All that we changed in this example was adding the order=True keyword to the dataclass constructor. But that gives us the opportunity to sort and compare the following values:

>>> stock_ordered1 < stock_ordered2
False
>>> stock_ordered1 > stock_ordered2
True
>>> from pprint import pprint
>>> pprint(sorted([stock_ordered1, stock_ordered2, stock_ordered3]))
[StockOrdered(name='FB', current=0.0, high=0.0, low=0.0),
 StockOrdered(name='FB', current=177.46, high=178.67, low=175.79),
 StockOrdered(name='FB', current=178.42, high=179.28, low=176.39)]
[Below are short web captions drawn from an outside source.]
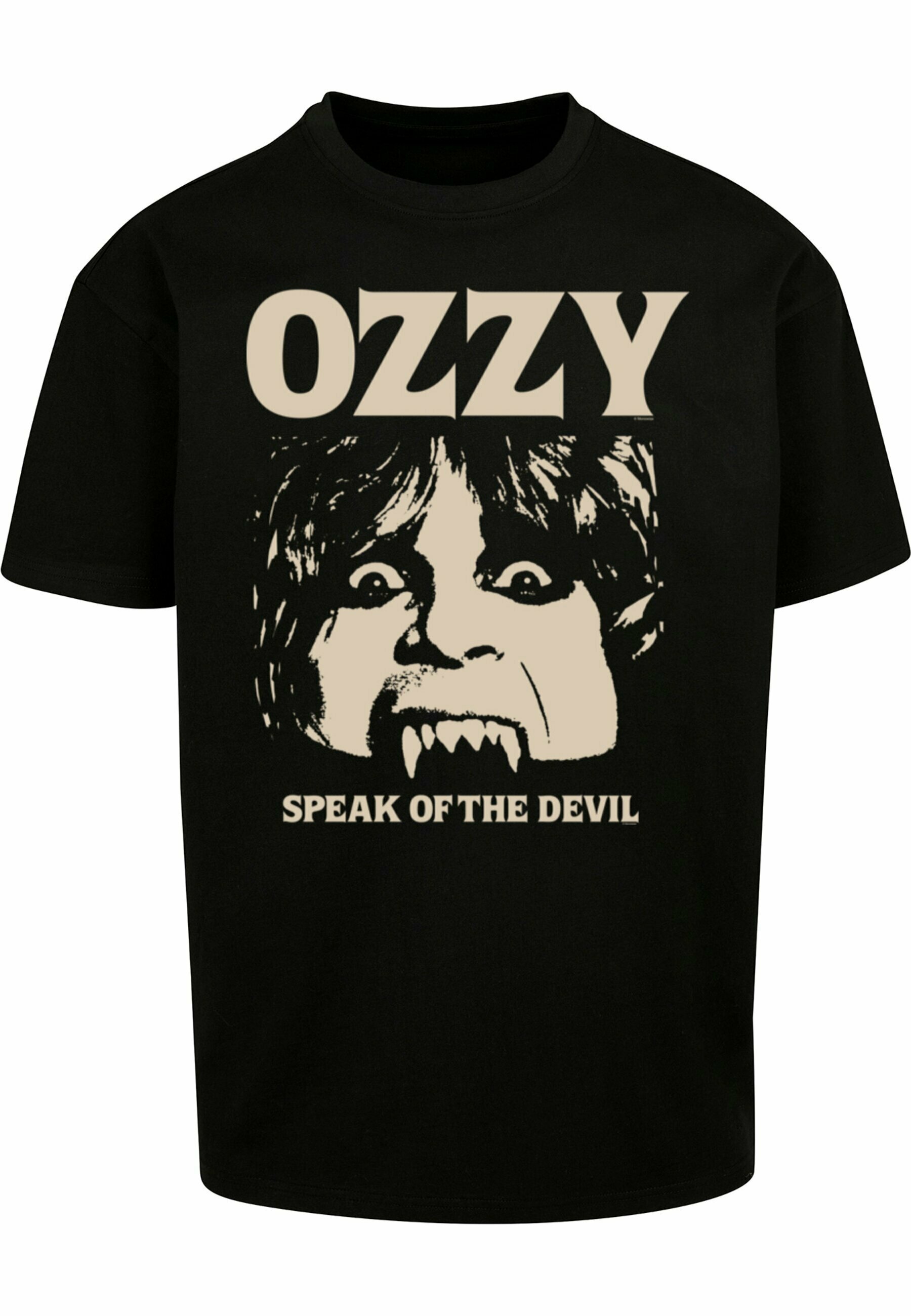 Merchcode OZZY OSBOURNE - SPEAK OF THE DEVIL TEE - Print T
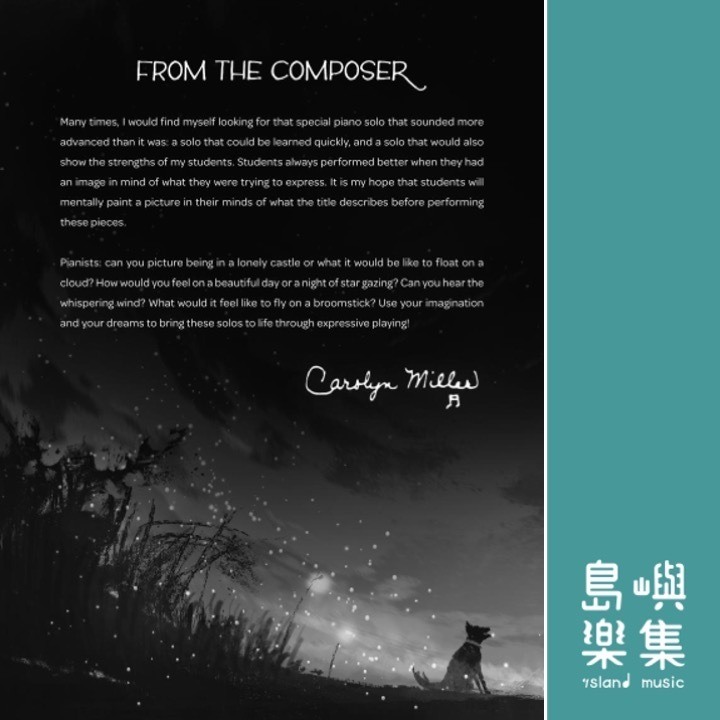 Dreams and Imagination &nbsp;- 10 Original Piano Solos - NFMC 2024-2028 Selection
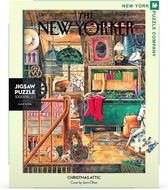 New York Puzzle Company - New Yorker Christmas Attic - 1000 stukjes puzzel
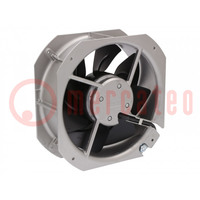 Ventilateur: AC; axial; 230VAC; 225x225x80mm; 935m3/h; à billes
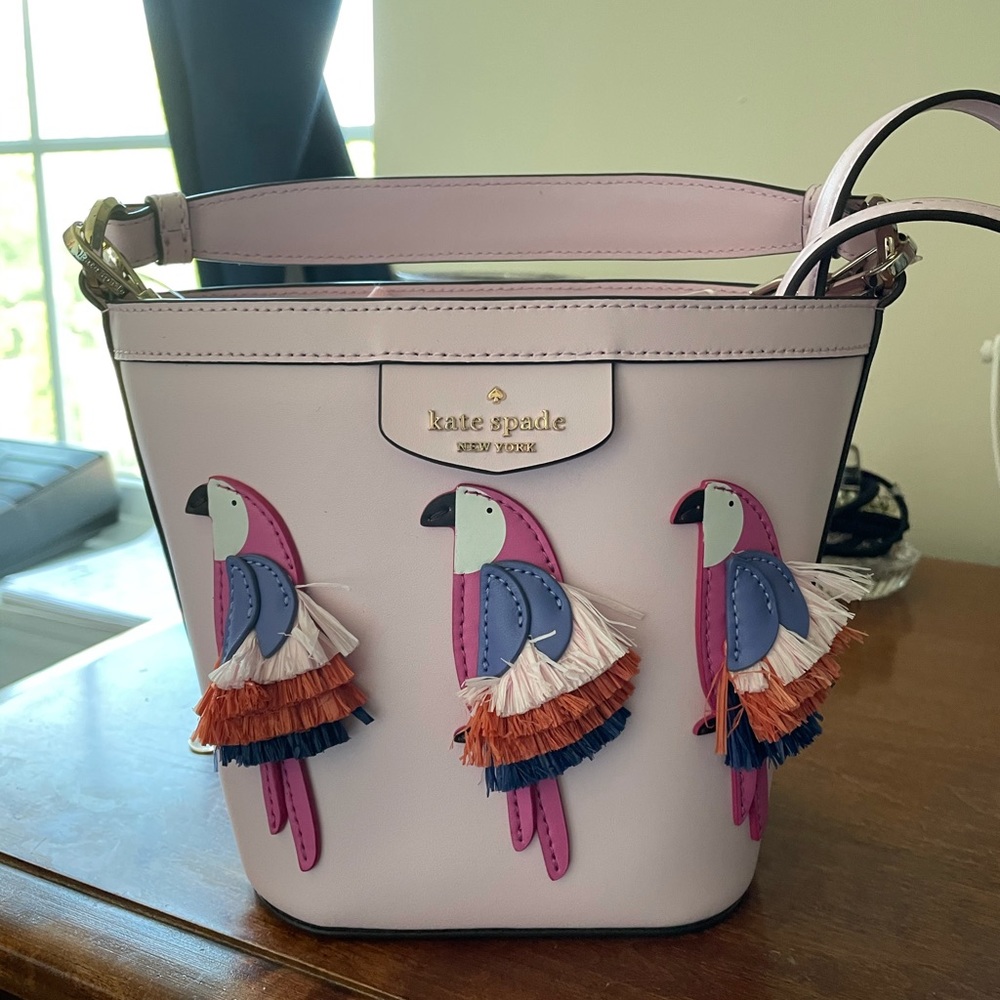 Kate Spade Parrot Crossbody Bag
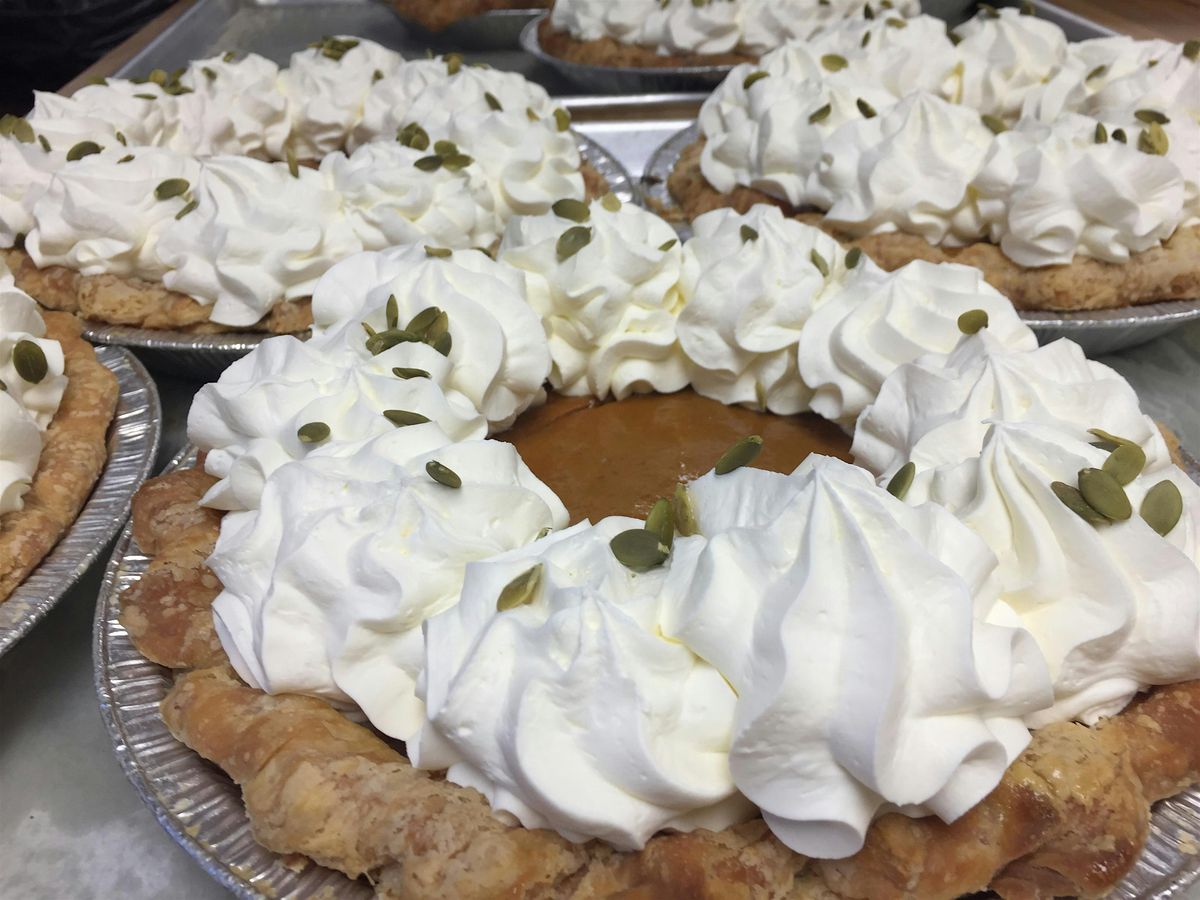 The Pie Sessions with Honeypie Bakeshop | Pumpkin Pies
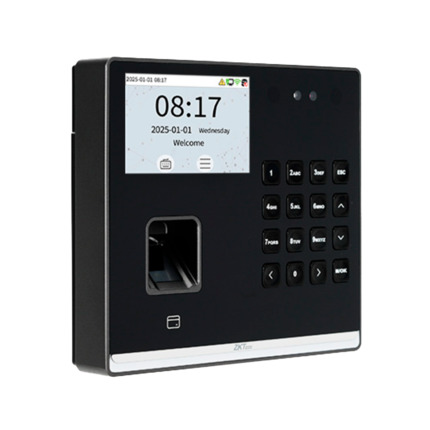 Comprar ZKTECO ZK-TA-GTC2F-H-1-W Control de presencia y acceso simple - Facial, huella, tarjeta EM y PIN - 1.000 huellas | 150.000 registros - 2.8" TFT | TCP/IP, WiFi, USB y relé - Soft. Presencia: GoTime Cloud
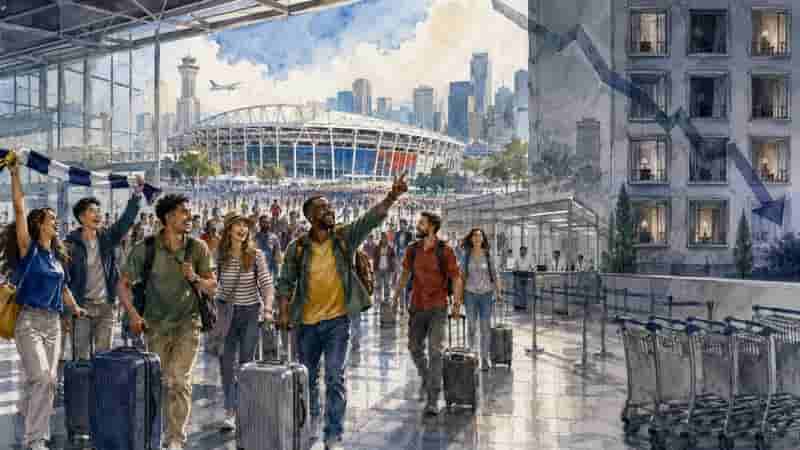 US Tourism Crisis Deepens Despite World Cup Millions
When a dataclass receives the order=True argument, it will, by default, compare the values based on each of the attributes in the order they were defined. So, in this case, it first compares the name on the two classes. If those are the same, it compares the current price. If those are also the same, it will compare the highs and then the lows. You can customize the sort order by providing a sort_index attribute inside a __post_init__ method on the class, but I'll leave you to search the web to get the full details of this and other advanced usages (such as immutability), as this section is getting rather long and we have a lot of other data structures to study.